Wednesday, April 13, 12:00 pm:
Lecture by Dr. David M. Oestreicher, curator (In Search of the Lenape: The Delaware Indians, Past and Present), lecturer, consultant, and independent scholar
“The Lenape: Lower New York's First Inhabitants
Pershing Hall, Governors Island; Free luncheon and ferry access are provided. RSVP goes live Tuesday, April 5, 12PM
Combining archaeological and historical evidence with decades of firsthand ethnographic and linguistic research, this lecture covers the culture, prehistory, and history of the Lenape (Delaware Indians) in this region as well as their subsequent displacement and emigration to enclaves in Oklahoma, Ontario, and Wisconsin in the 18th and 19th centuries. Pershing Hall, one of the many historic buildings on Governors Island, features WPA murals depicting American military history.
The ferry departs promptly at 12PM from the Battery Maritime Building, directly east of the Staten Island Ferry Terminal in Lower Manhattan. The lecture in Pershing Hall is a seven-minute walk from the Soissons Dock on Governors Island. The return ferry to Manhattan is by the 2PM ferry from Governors Island. For ADA access, please contact LMCC.

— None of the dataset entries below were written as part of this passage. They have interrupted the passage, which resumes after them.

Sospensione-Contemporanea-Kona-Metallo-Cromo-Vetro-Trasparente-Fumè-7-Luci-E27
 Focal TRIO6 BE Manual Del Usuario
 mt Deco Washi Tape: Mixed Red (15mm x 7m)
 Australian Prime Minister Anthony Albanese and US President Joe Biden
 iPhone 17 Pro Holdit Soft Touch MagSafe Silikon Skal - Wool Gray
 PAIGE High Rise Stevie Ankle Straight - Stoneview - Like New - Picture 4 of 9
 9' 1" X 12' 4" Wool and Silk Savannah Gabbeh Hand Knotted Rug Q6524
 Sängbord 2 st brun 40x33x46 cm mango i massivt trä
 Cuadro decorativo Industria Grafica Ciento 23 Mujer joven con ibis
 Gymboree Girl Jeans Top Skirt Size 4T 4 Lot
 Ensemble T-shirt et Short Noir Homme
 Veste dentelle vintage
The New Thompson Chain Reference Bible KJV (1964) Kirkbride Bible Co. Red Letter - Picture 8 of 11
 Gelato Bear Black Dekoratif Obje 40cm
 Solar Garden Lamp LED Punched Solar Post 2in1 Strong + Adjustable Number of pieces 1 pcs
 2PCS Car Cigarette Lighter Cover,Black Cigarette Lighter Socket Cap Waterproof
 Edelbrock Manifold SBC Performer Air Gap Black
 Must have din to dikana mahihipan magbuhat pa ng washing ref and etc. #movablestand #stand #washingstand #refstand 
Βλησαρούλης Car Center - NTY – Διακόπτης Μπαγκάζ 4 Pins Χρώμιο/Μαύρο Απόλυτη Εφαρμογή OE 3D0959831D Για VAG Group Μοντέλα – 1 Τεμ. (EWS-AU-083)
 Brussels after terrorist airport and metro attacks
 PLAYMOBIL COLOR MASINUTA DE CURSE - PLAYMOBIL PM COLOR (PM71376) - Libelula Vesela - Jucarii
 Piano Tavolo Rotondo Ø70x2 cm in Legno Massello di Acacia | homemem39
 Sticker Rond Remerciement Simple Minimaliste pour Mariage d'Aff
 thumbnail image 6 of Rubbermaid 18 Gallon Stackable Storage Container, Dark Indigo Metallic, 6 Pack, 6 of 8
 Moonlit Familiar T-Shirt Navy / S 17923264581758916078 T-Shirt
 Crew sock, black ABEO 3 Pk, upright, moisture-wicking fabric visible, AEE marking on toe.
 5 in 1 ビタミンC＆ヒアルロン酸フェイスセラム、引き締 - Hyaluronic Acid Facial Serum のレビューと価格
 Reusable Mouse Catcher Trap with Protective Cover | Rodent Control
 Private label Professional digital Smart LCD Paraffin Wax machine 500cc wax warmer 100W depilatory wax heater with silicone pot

Free (May 13 – 15): Lower Manhattan Cultural Council’s
Workspace Open Studio Weekend To Premiere Works From New
York’s Most Exciting New Artists And Writers
Workspace: Open Studio Weekend
LMCC Workspace Studios, 125 Maiden Lane, 14th Floor
Open Studio Weekend is the culmination of Workspace, a nine-month residency program that places artists and writers in unique studio spaces in underused office spaces in the Financial District. This free, open-to-the-public open studio event takes place at the LMCC Workspace Studios from May 13th - 15th.
New Yorkers will have a rare opportunity to go behind-the-scenes and see new works by some of the city's most exciting emerging artists and writers. This special event allows the public to meet a wide range of artists and writers working in a variety of media, from painting and sculpture to installation, photography, video, and performance; from poetry and fiction to playwriting and creative non-fiction.
Visitors to Open Studio Weekend are able to tour the studios of current Workspace artists, including Ryan Schneider, whose colorful oil paintings gleaned from his daily life were recently featured in solo exhibitions at the Volta Art Fair and in Budapest, Shana Moulton, a multi-media video and performance artist who recently performed her ongoing project Whispering Pines at the New Museum, and is using her studio to prepare for an upcoming performance at the Center for Curatorial Studios at Bard College, and Melissa Seley, a creative non-fiction and editorial writer, who frequently contributes to Paper Magazine, and is working on a new memoir.
Workspace has established itself as one of New York City’s premiere breeding grounds for new artists and writers, shining early spotlights on the talents of Sanford Biggers, Beth Campbell, and Kate Gilmore.